ETA: sorry if it sounds a little preachy at the end. It is a contentious topic I have had to discuss frequently over the past few months and it gets tiring listening to an otherwise logical discussion devolve into a racial issue.


----------



## Salt USMC (Nov 17, 2016)

The guy who coined the term "Alternative Right", Richard Spencer, explicitly points out that the movement is white nationalist, anti-immigration, anti-semitic, and to some extent anti-capitalist.
Just read this handy primer on his current website, Radix Journal Race—Stalking the Wild Taboo

There's no way of getting around it: if someone identifies with the alt-right, they identify with racism.  Full stop.


----------



## nobodythank you (Nov 17, 2016)

Full of shit. Using your metric, Al Gore created the internet. The source you quoted is owned by Spencer. The movement itself is a loose collection of ideology with no clear leader. Until one emerges, with a clear ideology and goal, you are painting everyone with the same brush. Otherwise, the same could be said for the liberal/progressive movement which encompasses several different ideologies into one umbrella. Afterall, liberalism is not a political party, but a collection of ideas and beliefs. Some fantastic, and some that are down right harmful. It would be unfair to label all liberals/progressives as race baiting anarchists. Now you can come to a full stop.


----------



## TLDR20 (Nov 17, 2016)

I was listening to the Waking Up podcast with Sam Harris, and he had Neil DeGrasse Tyson on. One of the things he said that made so much sense was that in any group there are those who will point out the exception to generalization. Even if for example "on average men are taller than women"  if even one person says "but I know lots of tall women" that person is correct and incapable of moving past that argument.

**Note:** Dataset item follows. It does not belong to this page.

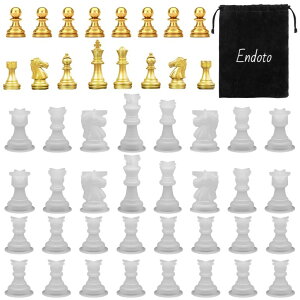 �`�F�X�Z�b�g Endoto Resin Chess Pieces Mold Set, 32 Pieces Full Size 3D Silicone Chess Molds Kit for Epoxy Resin Casting, Family Party Board Games and Home Decoration �y���s�A���i�z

I think that this may be one of those cases. I'm sure all people who identify themselves as alt right do not consider themselves "white nationalists". In this case I'm not quite sure the most,not all phrase applies. However there is a sizable portion that does. So @ke4gde how about you admit that some are, and @Deathy McDeath also agree that many aren't.

There isn't a world in which a bunch of alt-right folks aren't white nationalists. That doesn't mean all are though either.


----------



## nobodythank you (Nov 17, 2016)

I've read articles from both NPR and WaPo and neither classified him as a leader or founder of the movement, only a participant. Granted a well known participant and proponent, but not a leader or founder. Regardless, the issue at hand is that the movement itself is in its early stages and encompasses many ideas. You, and many others are trying to tie a stigma to something that has not finished forming and villainize it early on. 

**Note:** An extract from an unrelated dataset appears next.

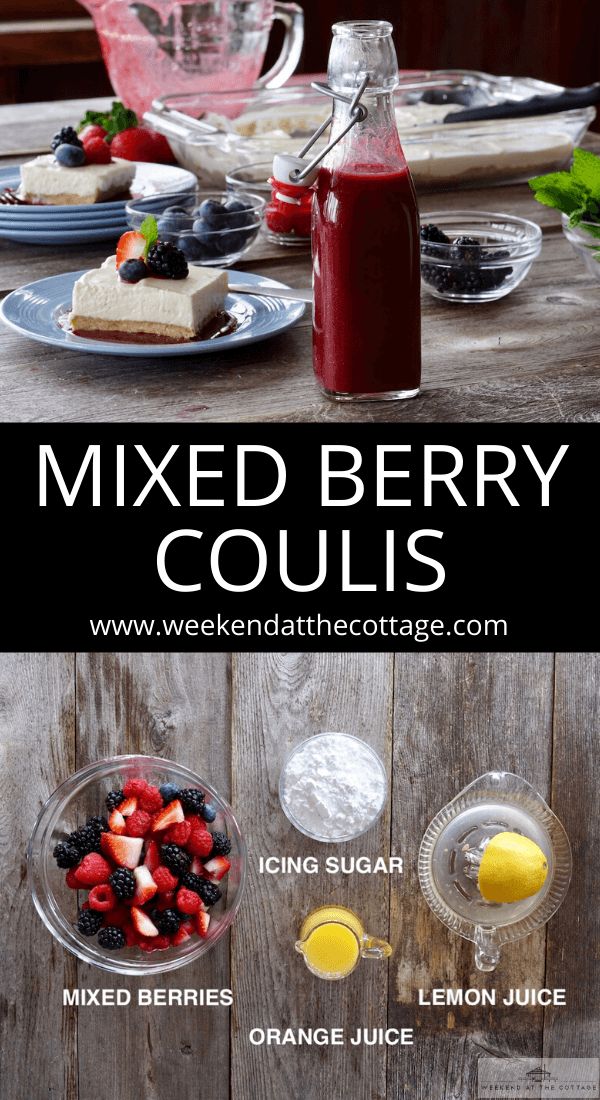 the ingredients for mixed berry coulis are shown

Anti-immigration is not the same as racism. Additionally, as I mentioned previously, the term "cucks" is something co-opted online that in reality does not mean what they think it means. Just because you assign a value to a word, does not mean it is the original intent or meaning of the word. Granted, the WNs are using it in a derogatory manner, but that does not mean that is the actual definition. Which may seem like semantics, but is an important distinction when attempting to discuss the topic accurately. In any event, call it what you like, every movement, ideology, and political party has its fringe elements that spew hate and discontent. If you want to participate in that game then I am not going to stand in your way. Free country and all that.


----------



## nobodythank you (Nov 17, 2016)

TLDR20 said:


> So @ke4gde how about you admit that some are, and @Deathy McDeath also agree that many aren't.
> 
> There isn't a world in which a bunch of alt-right folks aren't white nationalists. That doesn't mean all are though either.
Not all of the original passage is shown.